Neural Processing Unit (NPU)

Definition

Neural Processing Unit (NPU) is a specialized processor designed to accelerate AI and machine learning workloads, especially neural network inference, more efficiently than a general-purpose CPU. Arm describes an NPU as hardware built to handle matrix and tensor operations for neural network inference, while Microsoft describes it as a specialized chip for AI-intensive tasks such as real-time translation and image generation. (Arm Developer)

In practical terms, an NPU is usually one part of a broader heterogeneous computing setup that also includes a CPU and GPU. Intel describes its NPU as an AI inference accelerator integrated into client CPUs for energy-efficient neural network execution, and Qualcomm positions its Hexagon NPU as one element of a broader AI engine alongside CPU, GPU, sensing, and memory subsystems. (Intel Edge Controls)

In marketing, NPUs matter because they make on-device AI more practical. That can support faster personalization, local content generation, image enhancement, transcription, accessibility features, smart assistants, and privacy-sensitive customer experiences without sending every request to the cloud. Microsoft and Qualcomm both frame NPUs as central to running AI locally with better power efficiency and responsiveness. (Microsoft Support)

How it relates to marketing

For marketers, NPUs are less about chip architecture and more about what becomes possible on customer and employee devices. Laptops, phones, kiosks, cameras, and edge devices with NPUs can run AI features locally, which can reduce latency and support more responsive experiences in retail, field marketing, events, mobile apps, and content workflows. (Source)

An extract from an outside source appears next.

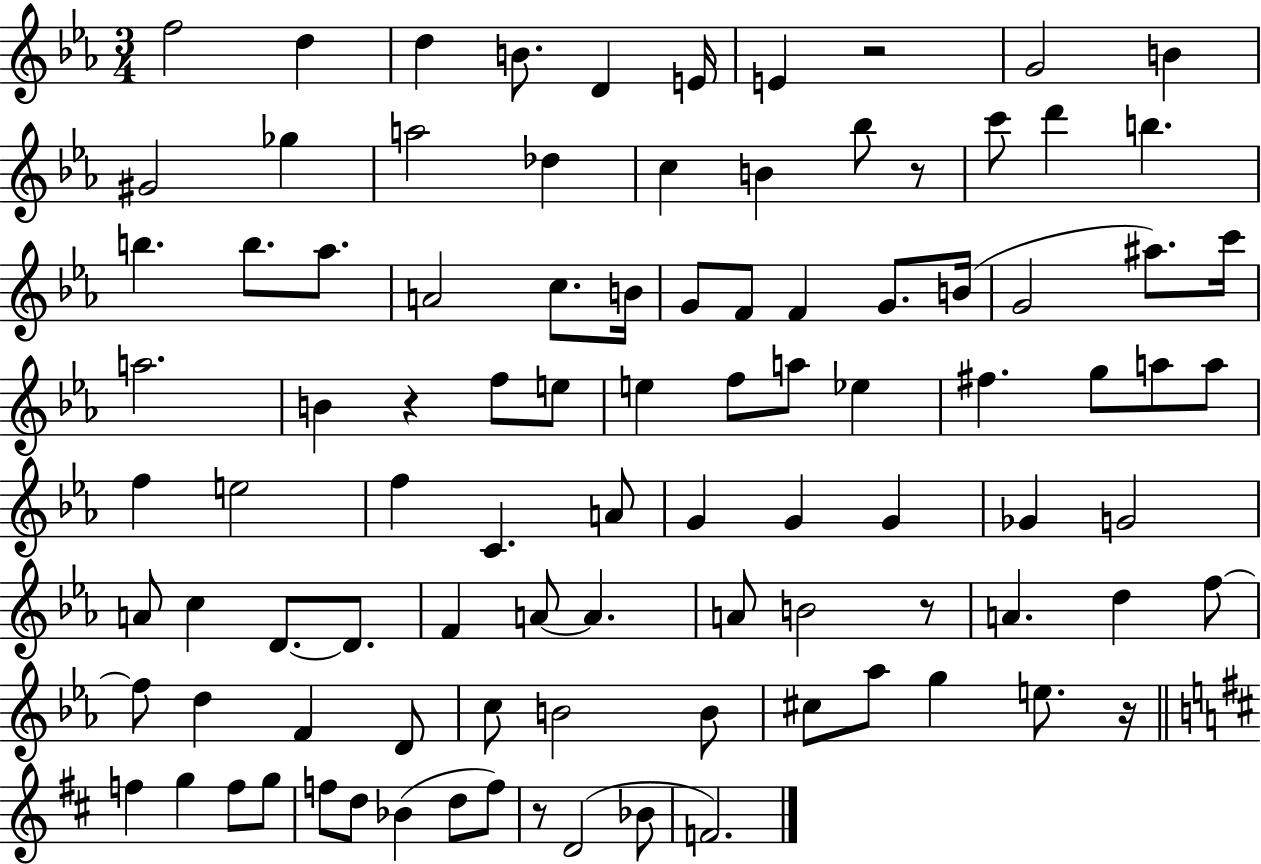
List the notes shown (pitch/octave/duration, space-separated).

F5/h D5/q D5/q B4/e. D4/q E4/s E4/q R/h G4/h B4/q G#4/h Gb5/q A5/h Db5/q C5/q B4/q Bb5/e R/e C6/e D6/q B5/q. B5/q. B5/e. Ab5/e. A4/h C5/e. B4/s G4/e F4/e F4/q G4/e. B4/s G4/h A#5/e. C6/s A5/h. B4/q R/q F5/e E5/e E5/q F5/e A5/e Eb5/q F#5/q. G5/e A5/e A5/e F5/q E5/h F5/q C4/q. A4/e G4/q G4/q G4/q Gb4/q G4/h A4/e C5/q D4/e. D4/e. F4/q A4/e A4/q. A4/e B4/h R/e A4/q. D5/q F5/e F5/e D5/q F4/q D4/e C5/e B4/h B4/e C#5/e Ab5/e G5/q E5/e. R/s F5/q G5/q F5/e G5/e F5/e D5/e Bb4/q D5/e F5/e R/e D4/h Bb4/e F4/h. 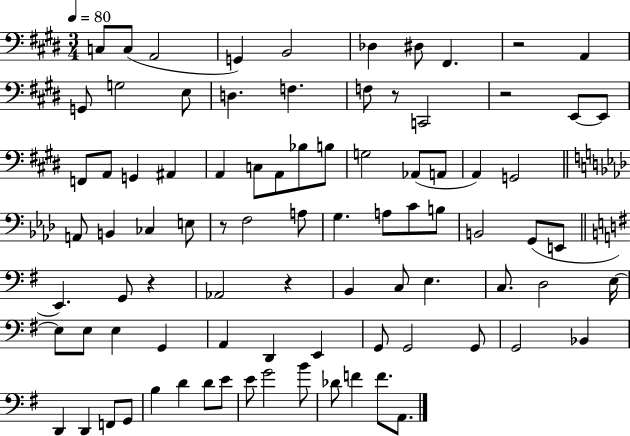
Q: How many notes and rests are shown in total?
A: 87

This matters in several common marketing scenarios. NPUs can support real-time captioning, translation, voice enhancement, image generation, camera effects, background processing, and other AI features that improve both customer-facing experiences and internal productivity. Microsoft specifically ties NPUs in Copilot+ PCs to local AI features such as translation and image generation, while Qualcomm highlights on-device generative AI experiences powered by its NPU. (Microsoft Learn)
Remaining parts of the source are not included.